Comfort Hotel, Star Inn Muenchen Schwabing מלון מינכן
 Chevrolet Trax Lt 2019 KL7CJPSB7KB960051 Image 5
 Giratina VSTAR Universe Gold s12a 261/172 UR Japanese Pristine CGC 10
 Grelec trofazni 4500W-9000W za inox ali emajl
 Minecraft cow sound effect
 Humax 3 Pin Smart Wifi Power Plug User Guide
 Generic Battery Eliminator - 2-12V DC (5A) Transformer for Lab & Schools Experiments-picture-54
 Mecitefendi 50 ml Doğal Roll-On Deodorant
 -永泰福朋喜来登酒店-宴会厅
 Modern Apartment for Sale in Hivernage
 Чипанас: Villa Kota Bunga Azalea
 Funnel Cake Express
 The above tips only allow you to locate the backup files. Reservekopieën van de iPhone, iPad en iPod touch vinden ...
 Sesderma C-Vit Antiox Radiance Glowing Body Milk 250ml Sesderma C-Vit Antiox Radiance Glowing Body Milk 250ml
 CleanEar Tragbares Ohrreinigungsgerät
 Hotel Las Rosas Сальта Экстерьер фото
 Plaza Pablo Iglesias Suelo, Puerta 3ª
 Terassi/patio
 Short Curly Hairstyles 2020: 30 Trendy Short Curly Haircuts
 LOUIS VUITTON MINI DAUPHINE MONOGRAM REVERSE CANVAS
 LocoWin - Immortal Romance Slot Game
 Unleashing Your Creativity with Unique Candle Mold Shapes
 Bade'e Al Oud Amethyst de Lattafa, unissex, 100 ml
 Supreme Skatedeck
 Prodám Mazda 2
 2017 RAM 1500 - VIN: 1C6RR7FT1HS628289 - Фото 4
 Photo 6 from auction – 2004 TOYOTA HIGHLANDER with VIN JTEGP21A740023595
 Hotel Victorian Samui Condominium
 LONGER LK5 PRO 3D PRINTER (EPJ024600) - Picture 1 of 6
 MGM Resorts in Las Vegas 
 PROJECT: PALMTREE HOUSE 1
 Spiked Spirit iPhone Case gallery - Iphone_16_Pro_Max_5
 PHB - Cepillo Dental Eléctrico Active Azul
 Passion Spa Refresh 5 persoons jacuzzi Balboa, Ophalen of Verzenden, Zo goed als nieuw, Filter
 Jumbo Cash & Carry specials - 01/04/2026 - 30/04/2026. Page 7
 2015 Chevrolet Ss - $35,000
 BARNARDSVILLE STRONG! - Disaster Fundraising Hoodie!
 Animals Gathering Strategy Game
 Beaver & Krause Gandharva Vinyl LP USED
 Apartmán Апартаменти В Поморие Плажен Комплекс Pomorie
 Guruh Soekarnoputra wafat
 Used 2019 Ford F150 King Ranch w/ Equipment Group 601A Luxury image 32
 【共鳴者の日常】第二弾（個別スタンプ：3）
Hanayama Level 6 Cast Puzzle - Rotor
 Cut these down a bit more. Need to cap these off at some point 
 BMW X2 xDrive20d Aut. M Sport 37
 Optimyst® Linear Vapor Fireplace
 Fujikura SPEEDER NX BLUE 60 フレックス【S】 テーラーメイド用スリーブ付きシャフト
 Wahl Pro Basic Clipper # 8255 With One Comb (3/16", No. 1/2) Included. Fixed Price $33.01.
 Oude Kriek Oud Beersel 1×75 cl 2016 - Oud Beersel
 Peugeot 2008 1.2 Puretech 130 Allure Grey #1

_Exercise instructions_
Looking at the records above, please work out how many lines contain "iPhone" and state only that number.

_Answer box_
2